President Obama has attempted to move national policy
significantly to the left with his “tax the rich,” high regulatory
and Washington, DC-directed policies. Mrs. Clinton’s political
history is really not much different. As first lady early in her
husband’s presidency, she was credited with an even more
extreme reform of healthcare than Obamacare. She was a very
liberal senator from New York. Her record as secretary of
state includes Honduras, Argentina, the Middle East and
Benghazi. (Mrs. Clinton might well be nominated, and she could
be elected, but history indicates that those who consider her
being the first woman president to be her “sure” ticket to the
White House, might be underestimating the impact on voters of
her ties to the outgoing administration.)
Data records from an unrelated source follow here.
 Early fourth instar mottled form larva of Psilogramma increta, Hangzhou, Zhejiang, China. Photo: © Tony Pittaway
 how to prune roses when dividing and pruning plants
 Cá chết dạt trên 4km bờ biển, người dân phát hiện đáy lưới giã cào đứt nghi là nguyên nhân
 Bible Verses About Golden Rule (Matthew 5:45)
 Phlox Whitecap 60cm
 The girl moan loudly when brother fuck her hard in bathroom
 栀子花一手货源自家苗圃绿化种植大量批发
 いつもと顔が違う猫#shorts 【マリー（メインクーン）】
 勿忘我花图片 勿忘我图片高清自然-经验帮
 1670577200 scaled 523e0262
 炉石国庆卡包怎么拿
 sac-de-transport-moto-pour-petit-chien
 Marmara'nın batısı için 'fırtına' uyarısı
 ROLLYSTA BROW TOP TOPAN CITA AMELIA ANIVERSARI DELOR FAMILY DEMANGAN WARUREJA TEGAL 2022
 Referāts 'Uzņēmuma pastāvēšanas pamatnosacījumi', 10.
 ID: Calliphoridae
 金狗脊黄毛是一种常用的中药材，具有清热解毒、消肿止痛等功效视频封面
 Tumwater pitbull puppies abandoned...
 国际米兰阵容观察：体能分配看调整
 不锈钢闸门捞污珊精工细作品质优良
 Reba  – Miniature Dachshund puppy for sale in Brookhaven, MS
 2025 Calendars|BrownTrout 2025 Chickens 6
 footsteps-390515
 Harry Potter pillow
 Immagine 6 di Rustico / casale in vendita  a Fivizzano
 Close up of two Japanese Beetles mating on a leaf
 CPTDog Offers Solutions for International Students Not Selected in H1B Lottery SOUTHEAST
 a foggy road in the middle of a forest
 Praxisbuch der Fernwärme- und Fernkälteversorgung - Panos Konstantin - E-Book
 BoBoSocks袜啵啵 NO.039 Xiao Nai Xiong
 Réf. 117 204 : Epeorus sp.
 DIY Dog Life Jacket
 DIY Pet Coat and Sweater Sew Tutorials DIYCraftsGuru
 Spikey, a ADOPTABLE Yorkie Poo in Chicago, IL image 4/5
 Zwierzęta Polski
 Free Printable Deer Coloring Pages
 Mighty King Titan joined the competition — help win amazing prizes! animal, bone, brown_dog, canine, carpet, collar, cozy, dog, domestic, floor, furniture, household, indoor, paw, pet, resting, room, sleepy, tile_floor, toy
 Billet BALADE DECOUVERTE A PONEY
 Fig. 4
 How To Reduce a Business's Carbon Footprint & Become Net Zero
On the other hand, none of her major Republican rivals stand
yet for some major new direction of policy other than a
general impression of a more conservative approach,
i.e., lower taxes, fewer regulations, less federal spending,
less federal mandates of policies from Washington, DC, and a
return to better relationships with Israel, Great Britain,
Canada and the nations of South America.
It is true that Ted Cruz, Rand Paul, and Marco Rubio do
represent more abrupt rightward direction if any of them
were elected president, but for that very reason, they are
probably unelectable if nominated, and thus very unlikely to
be nominated. Although outspoken “hard” right conservatives
always complain about the Republican Party nominating more
center right candidates, they are the ONLY candidates who can
win presidential elections. Since World War II, the GOP has
won with Eisenhower, Nixon (in his second race, running as a
moderate), Reagan, and two Bushes. Nixon in his
first race against Kennedy and Goldwater against Johnson had
too conservative images. Ford, Dole, McCain and Romney were
more center right, but ultimately weak as presidential candidates.
If the economy remains troubled in 2016, and U.S. security and
prestige in the world seems diminished, the Democratic
presidential nominee will be on the defensive. Mr. Obama’s
successful model in such circumstances in 2012 was to first
injure the image of his Republican opponent, and second, to
identify and motivate his voter base at the polls while hoping
the GOP did not do as well. It worked. Will it work for Mrs.
Clinton or any other Democratic nominee in 2016?
If Chis Christie, Paul Ryan, Jeb Bush or some new GOP figure is
to win in 2016, we will know a lot more about what they are
against than what they would do as president. That might not
seem “right” or “fair,” but that’s how it usually goes, as I have
pointed out, in U.S. national politics (and it applies, as I have also
pointed out, equally to Democrats and Republicans).
If Ronald Reagan, Bill Clinton, George W. Bush or Barack Obama
had run explicitly on the policies they in fact did pursue in the
White House, they very likely would not have been elected
president.
This is the great American presidential election paradox.